Parties are being urged to move leftward and rightward or start searching for their souls after a bruising election, but the end of Barnaby Joyce’s leadership shows conviction only counts for so much.

David Littleproud on Monday realised a long-cherished dream of becoming Nationals leader, but said he would not take the party on an ideological turn.

“This is not about the National Party lurching left or lurching right, it’s using common sense and being in the sensible centre,” he said.

“That’s where you win elections, not chasing extremities.”

Mr Littleproud, a former agribusiness banker, was described as a more progressive alternative while the staunchest conservatives swung in for Barnaby.

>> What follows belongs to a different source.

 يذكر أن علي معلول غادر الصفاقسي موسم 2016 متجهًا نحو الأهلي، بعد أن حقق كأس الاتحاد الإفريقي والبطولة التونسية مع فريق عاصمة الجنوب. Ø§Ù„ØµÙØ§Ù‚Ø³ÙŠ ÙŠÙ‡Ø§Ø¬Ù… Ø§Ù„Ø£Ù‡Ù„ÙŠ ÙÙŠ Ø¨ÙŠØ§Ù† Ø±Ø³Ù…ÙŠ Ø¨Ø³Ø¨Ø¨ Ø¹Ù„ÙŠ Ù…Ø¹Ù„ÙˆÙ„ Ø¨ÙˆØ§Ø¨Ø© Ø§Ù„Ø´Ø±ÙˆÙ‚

He replaced a self-described “agrarian socialist” in the old Nationals tradition, who made his name fighting to keep compulsory unionism, sink privatisations and for more regulation of corporations.

The two did split on climate change, the issue which caused Mr Joyce’s leadership, and many before, to begin its descent long before Monday.

In October, when the Nationals grappled with the question of whether to adopt a net-zero commitment on carbon emissions, a particularly confusing moment exposed a fatal weakness in Mr Joyce’s leadership.

MPs were caught between their instinct to act as a minor party, standing up for constituents they believed wore too much risk from cutting emissions, and a party of government concerned about their credibility and Australia’s place in the world.

Barnaby Joyce tried to have it both ways on climate. Photo: AAP

Mr Joyce came to the leadership months earlier promising strong leadership on the issue, which some worried would see policy dictated by the Liberals.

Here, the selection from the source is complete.